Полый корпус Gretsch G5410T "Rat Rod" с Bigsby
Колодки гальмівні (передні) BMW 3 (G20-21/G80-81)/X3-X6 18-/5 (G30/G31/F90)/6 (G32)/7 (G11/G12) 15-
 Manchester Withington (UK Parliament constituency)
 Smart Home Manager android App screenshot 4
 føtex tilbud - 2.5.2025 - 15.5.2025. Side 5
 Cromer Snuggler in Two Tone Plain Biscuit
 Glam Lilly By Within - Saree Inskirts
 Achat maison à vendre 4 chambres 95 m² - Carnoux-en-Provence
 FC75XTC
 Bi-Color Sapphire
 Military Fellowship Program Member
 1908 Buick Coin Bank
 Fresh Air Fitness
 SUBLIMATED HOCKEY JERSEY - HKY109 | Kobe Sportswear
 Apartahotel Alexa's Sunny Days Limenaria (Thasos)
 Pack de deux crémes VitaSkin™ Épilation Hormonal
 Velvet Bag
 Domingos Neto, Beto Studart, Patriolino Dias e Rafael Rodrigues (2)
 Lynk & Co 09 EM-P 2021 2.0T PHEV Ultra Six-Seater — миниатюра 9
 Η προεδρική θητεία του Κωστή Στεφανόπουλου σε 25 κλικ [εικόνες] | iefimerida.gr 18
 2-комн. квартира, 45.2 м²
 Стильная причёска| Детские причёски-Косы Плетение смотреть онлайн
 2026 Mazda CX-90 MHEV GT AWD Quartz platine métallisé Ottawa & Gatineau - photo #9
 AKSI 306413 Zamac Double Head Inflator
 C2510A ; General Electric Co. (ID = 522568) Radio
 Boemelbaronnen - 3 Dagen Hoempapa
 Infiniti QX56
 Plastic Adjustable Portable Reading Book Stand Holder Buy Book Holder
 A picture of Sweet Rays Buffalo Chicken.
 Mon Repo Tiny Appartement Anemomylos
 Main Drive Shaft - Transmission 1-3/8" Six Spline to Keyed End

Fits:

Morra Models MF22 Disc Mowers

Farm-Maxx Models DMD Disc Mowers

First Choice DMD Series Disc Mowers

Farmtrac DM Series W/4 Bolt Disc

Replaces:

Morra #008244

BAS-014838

━━━━━━━━━━━━━━━━━━━━

### [WHAT YOU SHOULD DO]
In the records above, copy exactly the lines from the one that contains "Η προεδρική θητεία" through the last, and nothing else.

### [SOLUTION TO THE PROBLEM]
 Η προεδρική θητεία του Κωστή Στεφανόπουλου σε 25 κλικ [εικόνες] | iefimerida.gr 18
 2-комн. квартира, 45.2 м²
 Стильная причёска| Детские причёски-Косы Плетение смотреть онлайн
 2026 Mazda CX-90 MHEV GT AWD Quartz platine métallisé Ottawa & Gatineau - photo #9
 AKSI 306413 Zamac Double Head Inflator
 C2510A ; General Electric Co. (ID = 522568) Radio
 Boemelbaronnen - 3 Dagen Hoempapa
 Infiniti QX56
 Plastic Adjustable Portable Reading Book Stand Holder Buy Book Holder
 A picture of Sweet Rays Buffalo Chicken.
 Mon Repo Tiny Appartement Anemomylos
 Main Drive Shaft - Transmission 1-3/8" Six Spline to Keyed End

Fits:

Morra Models MF22 Disc Mowers

Farm-Maxx Models DMD Disc Mowers

First Choice DMD Series Disc Mowers

Farmtrac DM Series W/4 Bolt Disc

Replaces:

Morra #008244

BAS-014838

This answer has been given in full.